Impact of insecticide resistance on vector immunity

When the infectious blood meal reaches the midgut of the female Anopheles, the immune system is deployed to prevent infections [20]. In the midgut, P. falciparum faces the peritrophic membrane, a physical barrier developed to prevent infections. It also protects against the damaging effects of the human blood factors like antibodies and regulates several digestive enzymes [55, 56]. Enzymes such as trypsin 1 and 2, chymotrypsin, carboxypeptidase, aminopeptidase and serine protease are upregulated during digestion to cleave the large content of proteins in the blood meal [57,58,59,60]. These proteases are apparently involved in the elimination of Plasmodium infections [61]. Three studies attempted to elucidate the effect of insecticide resistance on vectors’ immunity [62,63,64]. Mitri et al. [62], in a study evaluating genes implicated in the infectivity of An. coluzzii, demonstrated that the kdr-bearing para gene which carries mutations of the voltage-gate sodium channel (confering insecticide resistance) is not associated with infection but rather the ClipC9 gene directing the synthesis of Serine protease. This suggest that the effect of the resistant character on refractoriness to infection may be due to genes other than that involved in resistance to insecticides, and which happen to be linked to it. The Serine protease plays an important role in the activation of the three major immune signaling pathways in mosquitoes: Toll, Imd and JAK/STAT [20], which cause the release of antimicrobial peptides (AMPs) notably defensins, cecropins, attacin, gambicin and AgSTAT-A, effective against malaria parasites infections. Vontas et al. [63], using pyrethroid and organochlorine resistant An. gambiae strains, showed that defensin and cecropin are upregulated after pre-exposure to permethrin. This study sugggests that insecticide resistant mosquitoes may be better equipped than susceptible ones to combat infections, but these two immune effectors alone may not be decisive in rendering the vector completely refractory to malaria infections as many other pathways activated concomitantly during parasitic invasion are altogether implicated in the outcome of a contamination [20].

In Culex pipiens which is vector of many pathogens including arboviruses [65], filarial worms [66], and protozoa [67], immune response was stimulated in an insecticide resistant field strain by injection of Lipopolysacharide (LPS) immune elicitor. As result, no difference was found in the expression of defensin and cecropin as compared to the control group; but only an increase in gambicin was recorded [68]. One point can be drawn from these results to infer what might happen in malaria vectors: Plasmodium infections may trigger the overexpresion of some immune factors while the other may have their expression either down regulated or unchanged.

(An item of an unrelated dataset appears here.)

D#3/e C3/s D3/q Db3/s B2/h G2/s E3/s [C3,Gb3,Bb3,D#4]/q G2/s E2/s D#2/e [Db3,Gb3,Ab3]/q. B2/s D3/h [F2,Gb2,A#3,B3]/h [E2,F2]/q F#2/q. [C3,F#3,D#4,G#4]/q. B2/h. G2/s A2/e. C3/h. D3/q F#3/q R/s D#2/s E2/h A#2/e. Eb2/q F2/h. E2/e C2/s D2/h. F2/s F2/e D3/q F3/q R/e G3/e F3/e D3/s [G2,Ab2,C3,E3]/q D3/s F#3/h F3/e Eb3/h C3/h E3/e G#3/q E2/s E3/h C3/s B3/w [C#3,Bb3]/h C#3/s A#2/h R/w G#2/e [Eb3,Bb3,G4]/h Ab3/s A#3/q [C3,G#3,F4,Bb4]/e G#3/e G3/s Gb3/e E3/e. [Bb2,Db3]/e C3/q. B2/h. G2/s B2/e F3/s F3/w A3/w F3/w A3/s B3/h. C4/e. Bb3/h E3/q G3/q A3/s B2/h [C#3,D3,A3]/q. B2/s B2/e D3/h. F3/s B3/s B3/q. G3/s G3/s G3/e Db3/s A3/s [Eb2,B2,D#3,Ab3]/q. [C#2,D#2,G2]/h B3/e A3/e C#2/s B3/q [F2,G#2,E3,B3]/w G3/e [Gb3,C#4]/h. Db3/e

The reactive oxygen species (ROS) produced by cellular metabolism are another class of effectors of the innate immunity that can negatively affect malaria parasites [69, 70]. They kill the parasites through both lytic and melanization pathways [20]. Ingaham et al. [64] showed that An. coluzzii VK7 colony displaying kdr resistance mechanism, CYP6M6 and CYP6P3 metabolisers, had oxidoreductase overexpressed after sub-lethal exposure to deltamethrin, suggesting that this species could be more refractory to Plasmodium infection. At this point, it is necessary to verify whether under natural conditions, insecticide-resistant Anopheles mosquitoes will display an overexpression of ROS or not.

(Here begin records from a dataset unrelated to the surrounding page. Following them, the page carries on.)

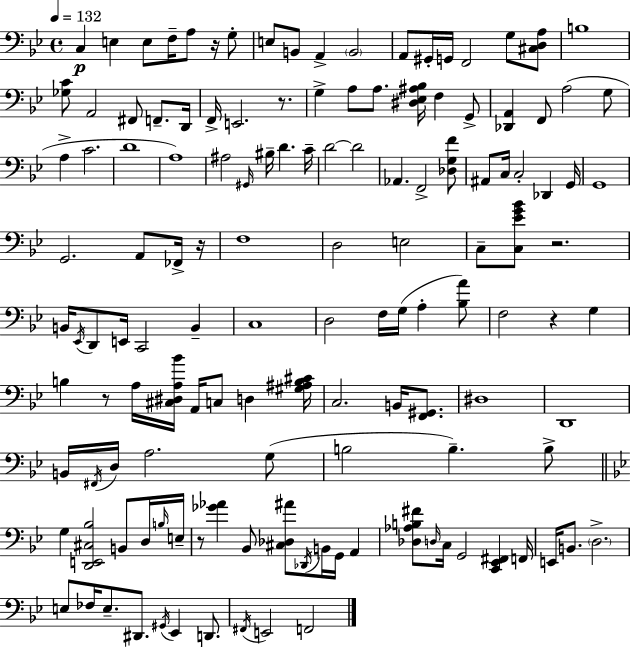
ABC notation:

X:1
T:Untitled
M:4/4
L:1/4
K:Gm
C, E, E,/2 F,/4 A,/2 z/4 G,/2 E,/2 B,,/2 A,, B,,2 A,,/2 ^G,,/4 G,,/4 F,,2 G,/2 [^C,D,A,]/2 B,4 [_G,C]/2 A,,2 ^F,,/2 F,,/2 D,,/4 F,,/4 E,,2 z/2 G, A,/2 A,/2 [^D,_E,^A,_B,]/4 F, G,,/2 [_D,,A,,] F,,/2 A,2 G,/2 A, C2 D4 A,4 ^A,2 ^G,,/4 ^B,/4 D C/4 D2 D2 _A,, F,,2 [_D,G,F]/2 ^A,,/2 C,/4 C,2 _D,, G,,/4 G,,4 G,,2 A,,/2 _F,,/4 z/4 F,4 D,2 E,2 C,/2 [C,_EG_B]/2 z2 B,,/4 _E,,/4 D,,/2 E,,/4 C,,2 B,, C,4 D,2 F,/4 G,/4 A, [_B,A]/2 F,2 z G, B, z/2 A,/4 [^C,^D,A,_B]/4 A,,/4 C,/2 D, [^G,^A,B,^C]/4 C,2 B,,/4 [F,,^G,,]/2 ^D,4 D,,4 B,,/4 ^F,,/4 D,/4 A,2 G,/2 B,2 B, B,/2 G, [D,,E,,^C,_B,]2 B,,/2 D,/4 B,/4 E,/4 z/2 [_G_A] _B,,/2 [^C,_D,^A]/2 _D,,/4 B,,/4 G,,/4 A,, [_D,_A,B,^F]/2 D,/4 C,/4 G,,2 [C,,_E,,^F,,] F,,/4 E,,/4 B,,/2 D,2 E,/2 _F,/4 E,/2 ^D,,/2 ^G,,/4 _E,, D,,/2 ^F,,/4 E,,2 F,,2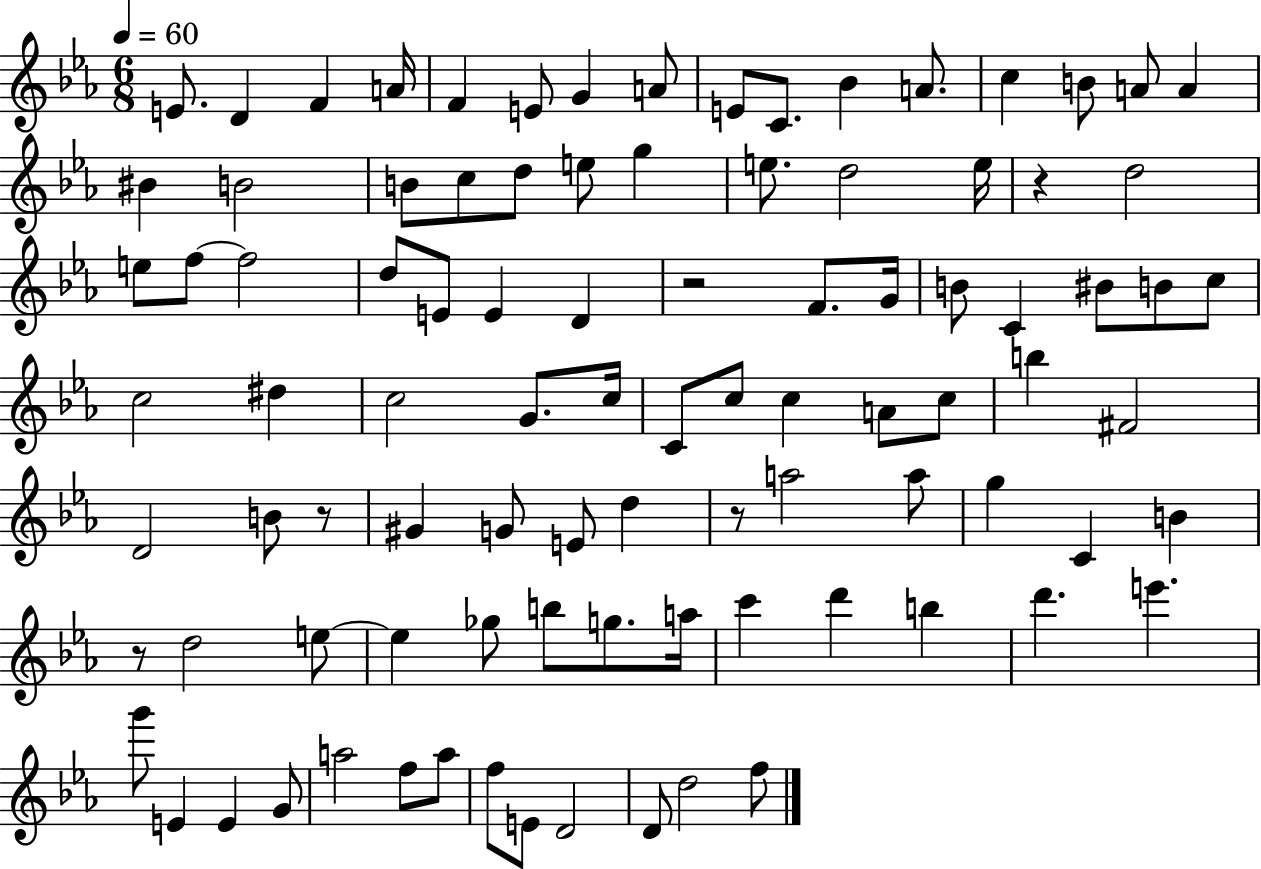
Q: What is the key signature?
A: EES major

Cellular immune responses are carried out by varous type of hemocytes that eliminate pathogens by phagocytosis, lysis and melanization [20]. Organochlorines and organophosphate were found to affect differently the hemocytes abundance including granulocytes in the insect Rhynocoris kumarii [71]. In mosquitoes, studies are needed to ascertain the impact of insecticide resistance on cellular immunity and the resulting effect on the infectivity of resistant vector to malaria parasite. Regarding melanization of pathogens, it is lead by the phenoloxidase (PO) produced by Oenocytoids [72, 73] and is regulated by serine protease inhibitors. In field-caught C. pipiens resistant to insecticide through an increase in detoxification (esterase) and target site mutation (ace-1), PO expression was equal to that of susceptible group [74], suggesting that some genes associated with immunity might not be affected by insecticide resistance character in mosquitoes. No studies have verified the effect of insecticide resistance on PO in malaria vectors.

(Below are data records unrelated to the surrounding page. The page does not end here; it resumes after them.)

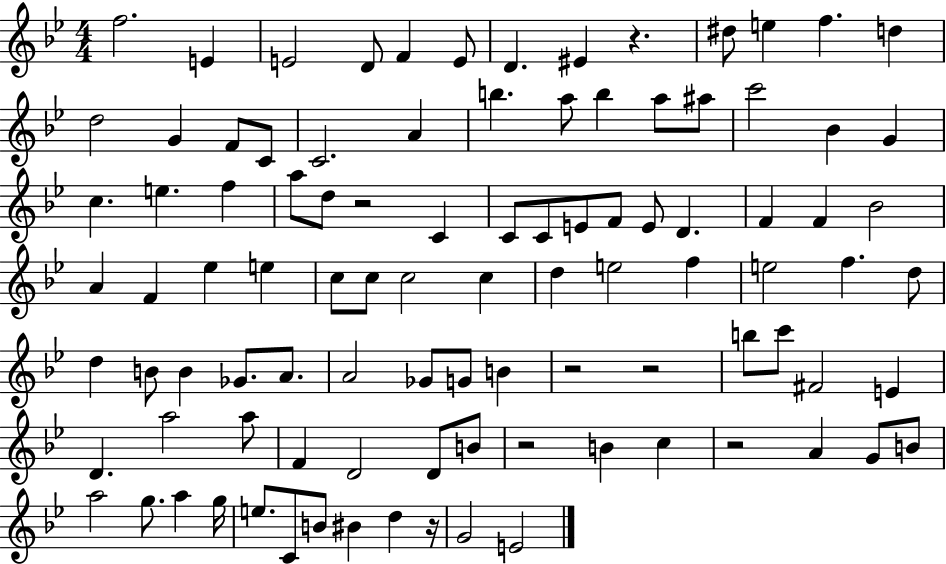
F5/h. E4/q E4/h D4/e F4/q E4/e D4/q. EIS4/q R/q. D#5/e E5/q F5/q. D5/q D5/h G4/q F4/e C4/e C4/h. A4/q B5/q. A5/e B5/q A5/e A#5/e C6/h Bb4/q G4/q C5/q. E5/q. F5/q A5/e D5/e R/h C4/q C4/e C4/e E4/e F4/e E4/e D4/q. F4/q F4/q Bb4/h A4/q F4/q Eb5/q E5/q C5/e C5/e C5/h C5/q D5/q E5/h F5/q E5/h F5/q. D5/e D5/q B4/e B4/q Gb4/e. A4/e. A4/h Gb4/e G4/e B4/q R/h R/h B5/e C6/e F#4/h E4/q D4/q. A5/h A5/e F4/q D4/h D4/e B4/e R/h B4/q C5/q R/h A4/q G4/e B4/e A5/h G5/e. A5/q G5/s E5/e. C4/e B4/e BIS4/q D5/q R/s G4/h E4/h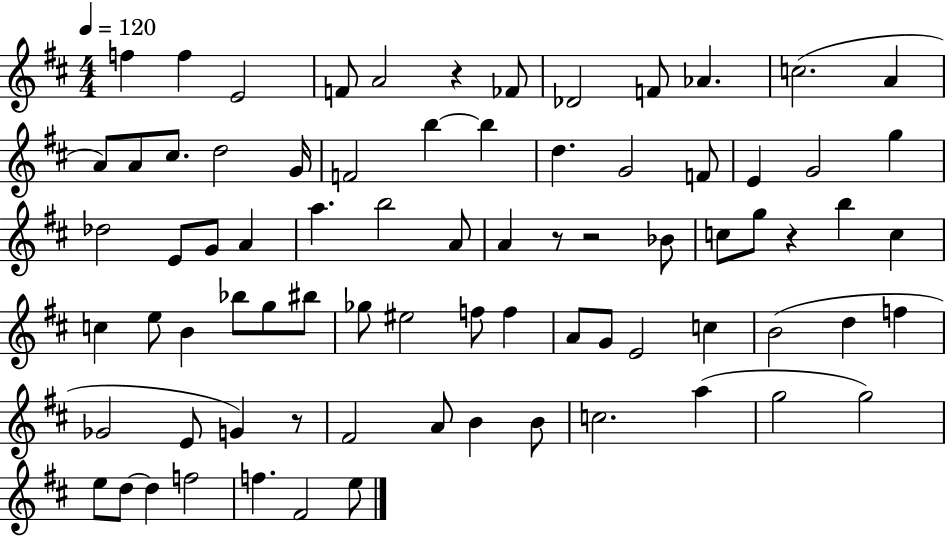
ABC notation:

X:1
T:Untitled
M:4/4
L:1/4
K:D
f f E2 F/2 A2 z _F/2 _D2 F/2 _A c2 A A/2 A/2 ^c/2 d2 G/4 F2 b b d G2 F/2 E G2 g _d2 E/2 G/2 A a b2 A/2 A z/2 z2 _B/2 c/2 g/2 z b c c e/2 B _b/2 g/2 ^b/2 _g/2 ^e2 f/2 f A/2 G/2 E2 c B2 d f _G2 E/2 G z/2 ^F2 A/2 B B/2 c2 a g2 g2 e/2 d/2 d f2 f ^F2 e/2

Impact of insecticide resistance on commensal intestinal microbiota of malaria vectors

Bacteria, fungi and viruses colonize the gut, salivary glands and reproductive organs of the mosquitoes. These microorganisms are mainly acquired from the environnement and its composition is largely influenced by its aquatic breeding sites [75, 76]. In addition, the microbiota composition is highly dynamic, varying greatly with localities and seasons [77,78,79]. These variations of microbiota composition within field mosquitoes may partly explain the variability in infection levels in the field [80].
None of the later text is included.